FSD-BEV: Foreground Self-Distillation for Multi-View 3D Object Detection¶

Conference: ECCV 2024
arXiv: 2407.10135
Code: GitHub
Area: Autonomous Driving
Keywords: BEV 3D detection, self-distillation, foreground enhancement, point cloud enhancement, multi-view perception

TL;DR¶

This paper proposes a Foreground Self-Distillation (FSD) framework which constructs teacher-student branches sharing image features within the same model, effectively avoiding the distribution discrepancy challenge in cross-modal distillation. Combined with point cloud intensification and multi-scale foreground enhancement modules, it achieves SOTA performance on nuScenes.

Background & Motivation¶

Multi-view camera-based BEV 3D object detection is a cost-effective and deployable solution in autonomous driving, but still exhibits a performance gap compared to LiDAR-based methods. Existing cross-modal distillation approaches (e.g., BEVDistill, UniDistill, DistillBEV) attempt to transfer knowledge from a LiDAR teacher model to a camera student model, but face the following core issues:

Distribution Discrepancy: The teacher and student BEV features originate from different modalities (LiDAR vs. camera) and different network architectures, leading to a large gap in feature distribution.

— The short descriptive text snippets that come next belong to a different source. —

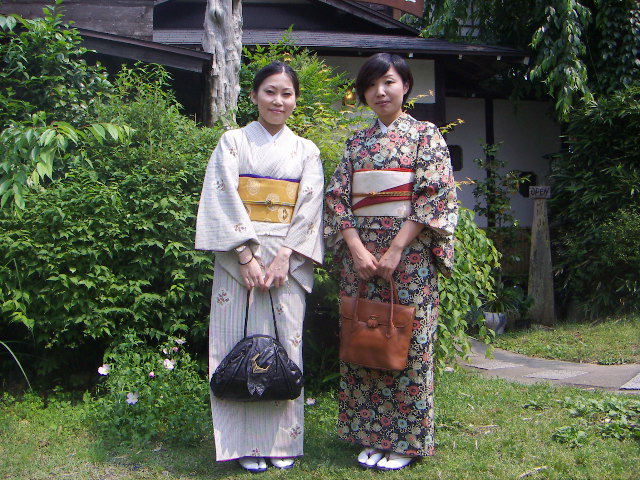 f0173908_143398.jpg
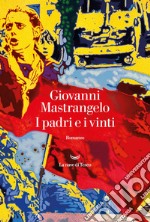 I padri e i vinti. E-book. Formato EPUB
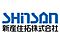 新産住拓株式会社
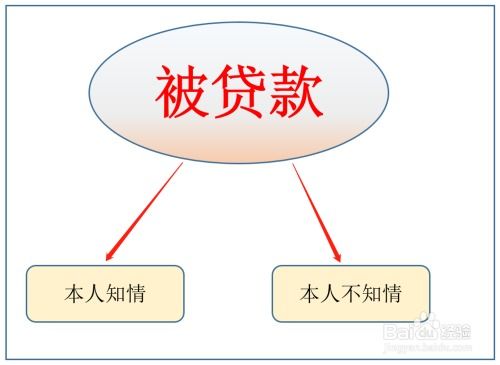 遭遇被贷款？一键查询预防措施大揭秘！ 1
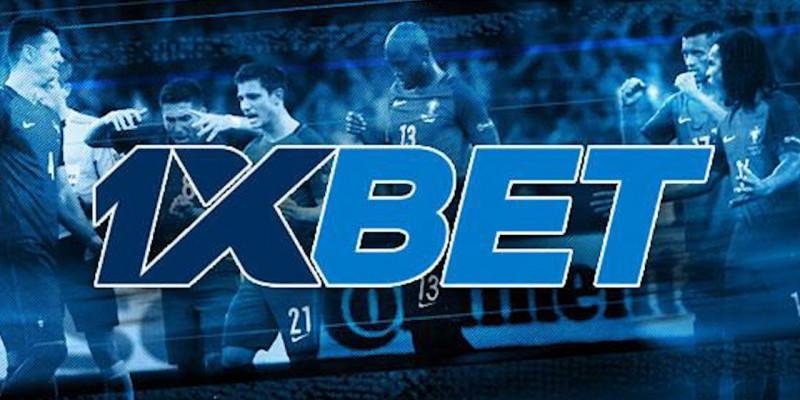 Experience the Thrill of Betting with 1xBet Cambodia 318707705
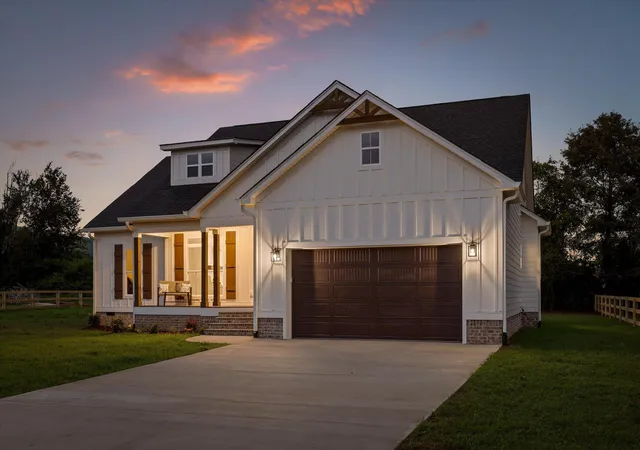 1st image of 133 Golden Street, Dunlap, TN 37327 | MLS# 1538470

Extra Pre-training Overhead: A separate LiDAR teacher model needs to be trained.

Complex Distillation Strategies: To bridge the distribution discrepancy, tedious adaptation modules and distillation losses must be designed.

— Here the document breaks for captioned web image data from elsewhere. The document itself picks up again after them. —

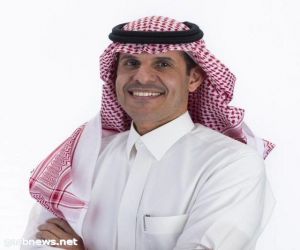 تعيين السدحان رئيساً تنفيذيا للبنك الأهلي السعودي
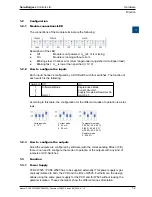 Preview for 5 page of saia-burgess PCD2.W525 Hardware Manual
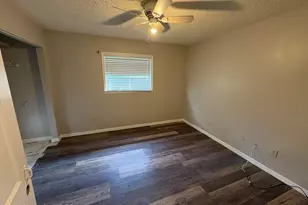 728 44th Ave Ave E, Ellenton, FL 34222 - Photo 52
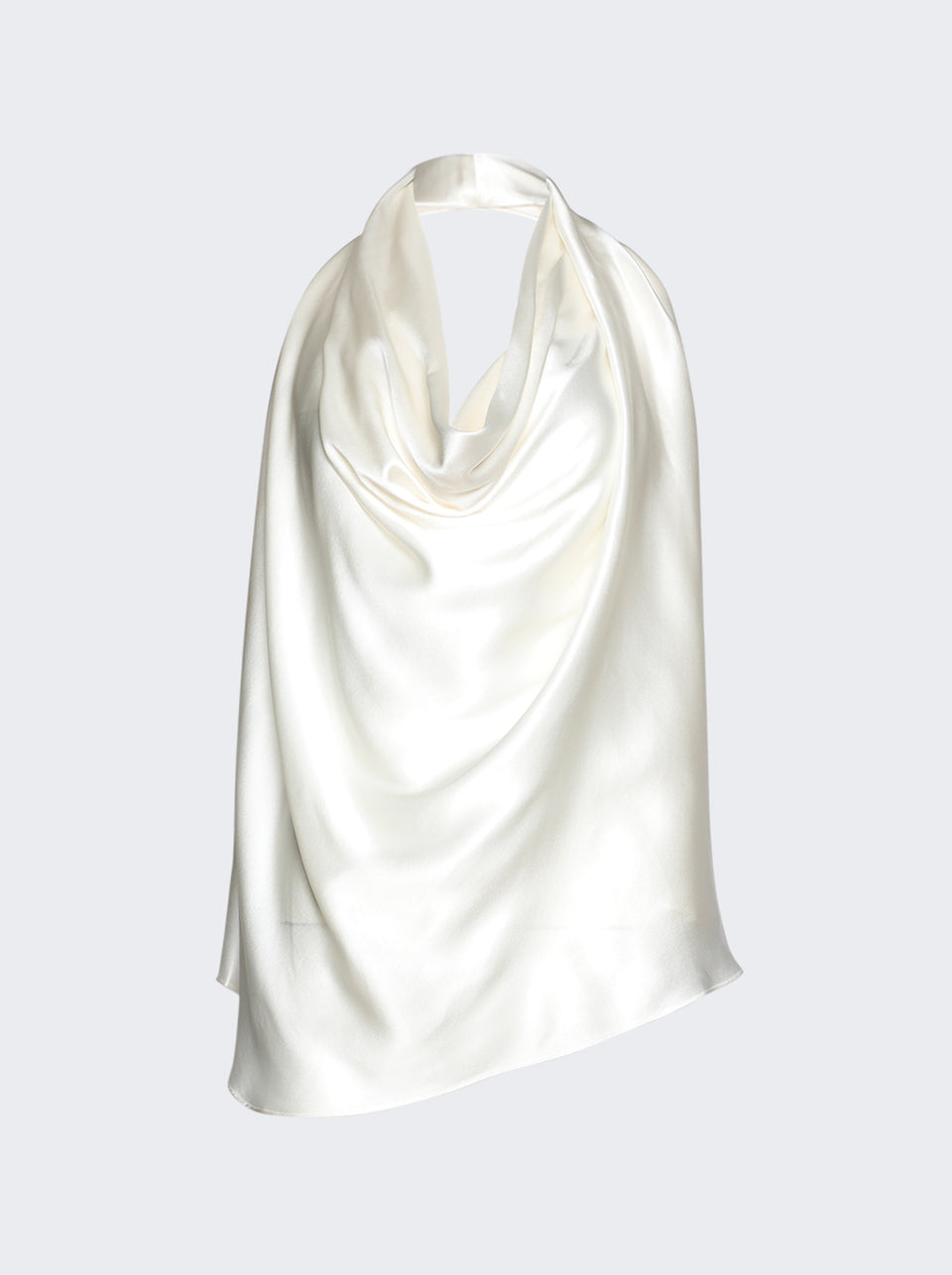 W1144R22SE_Off White_01.jpg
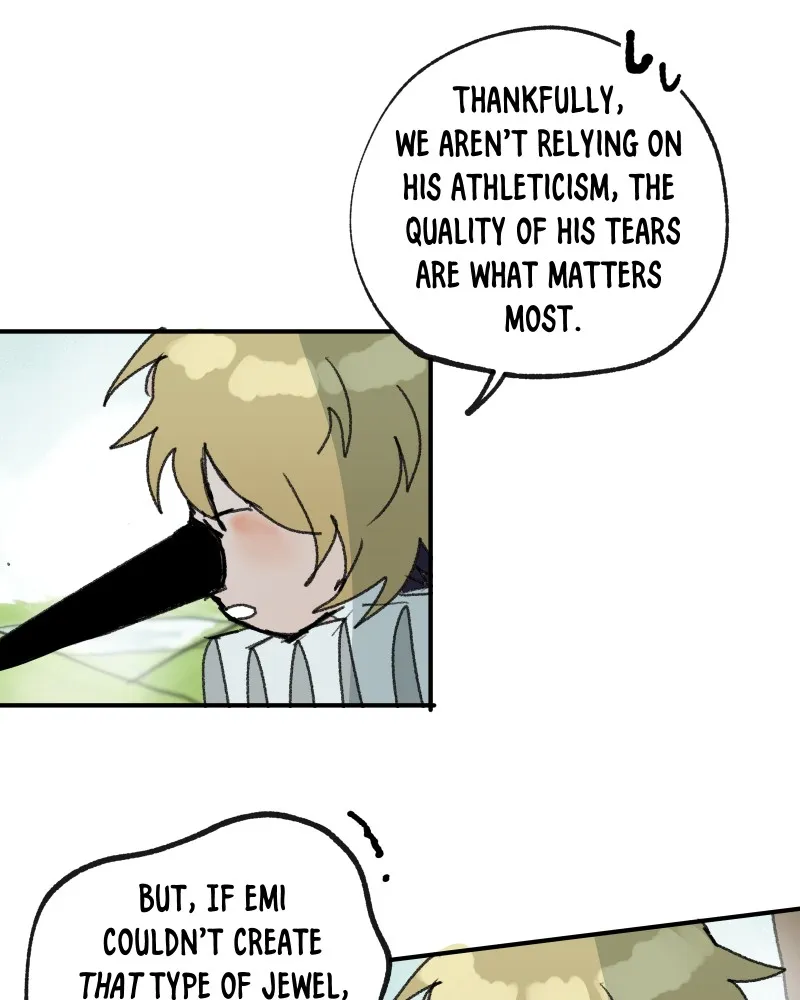 Do You Remember Chapter 56 page 21 - 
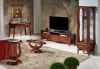 High End Living Room Monalisa Set! See details!
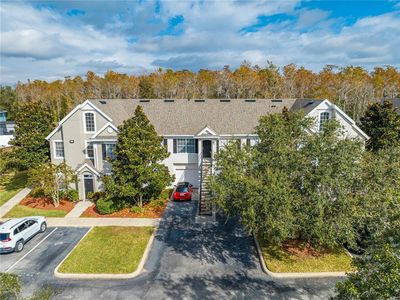 9117 Lee Vista Blvd APT 605, Orlando, FL, 32829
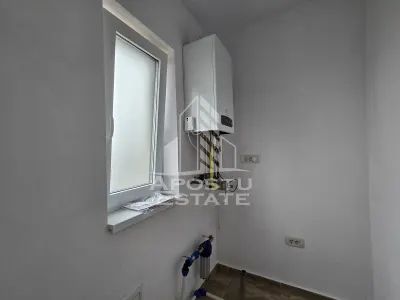Casă 4 camere Bucovat (Remetea Mare) - poza 6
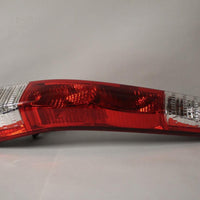 2005-2007 HONDA CR-V PASSENGER  SIDE RIGHT TAIL LIGHT 30188 - BIGGSMOTORING.COM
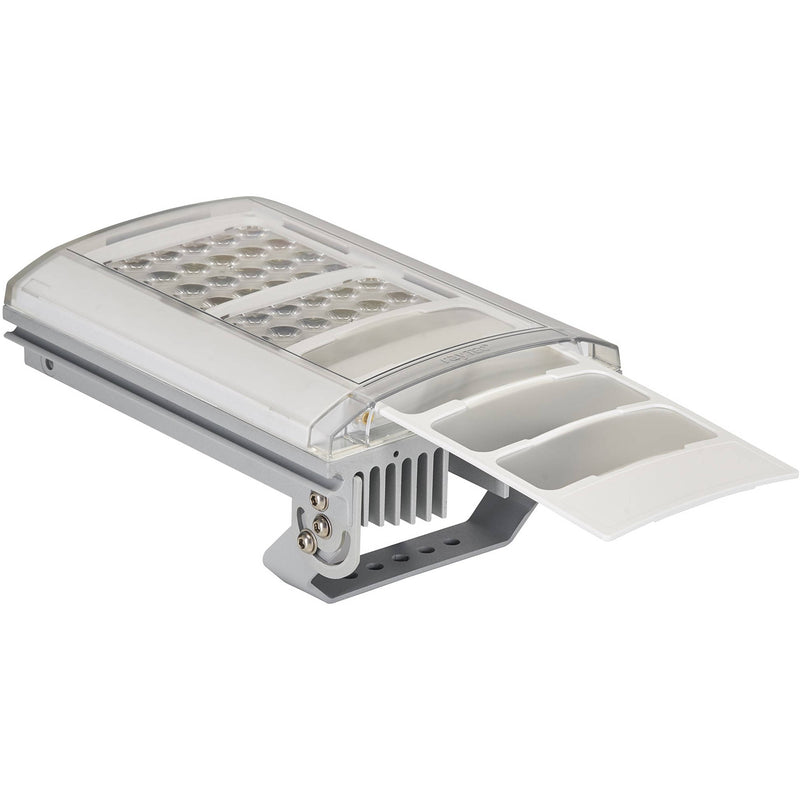 Raytec VARIO2 Extreme High-Performance White-Light Illuminator (820')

Background Interference: Aligning extensive background areas in BEV features is unhelpful or even harmful to detection accuracy.

The core insight of this paper is: if the teacher and student BEV features share image features from the same source, the distribution discrepancy will be significantly reduced, naturally improving the distillation efficacy.

Method¶

Overall Architecture¶

FSD-BEV adopts a unified framework consisting of three core components:

Foreground Self-Distillation (FSD): Adds an auxiliary teacher branch within the same model, where the teacher and student share image features but use different depth/foreground labels to generate BEV features.
Point Cloud Intensification (PCI): Compensates for point cloud sparsity via frame combination and pseudo point assignment.
Multi-Scale Foreground Enhancement (MSFE): Extracts multi-scale foreground features using elliptical Gaussian heatmaps.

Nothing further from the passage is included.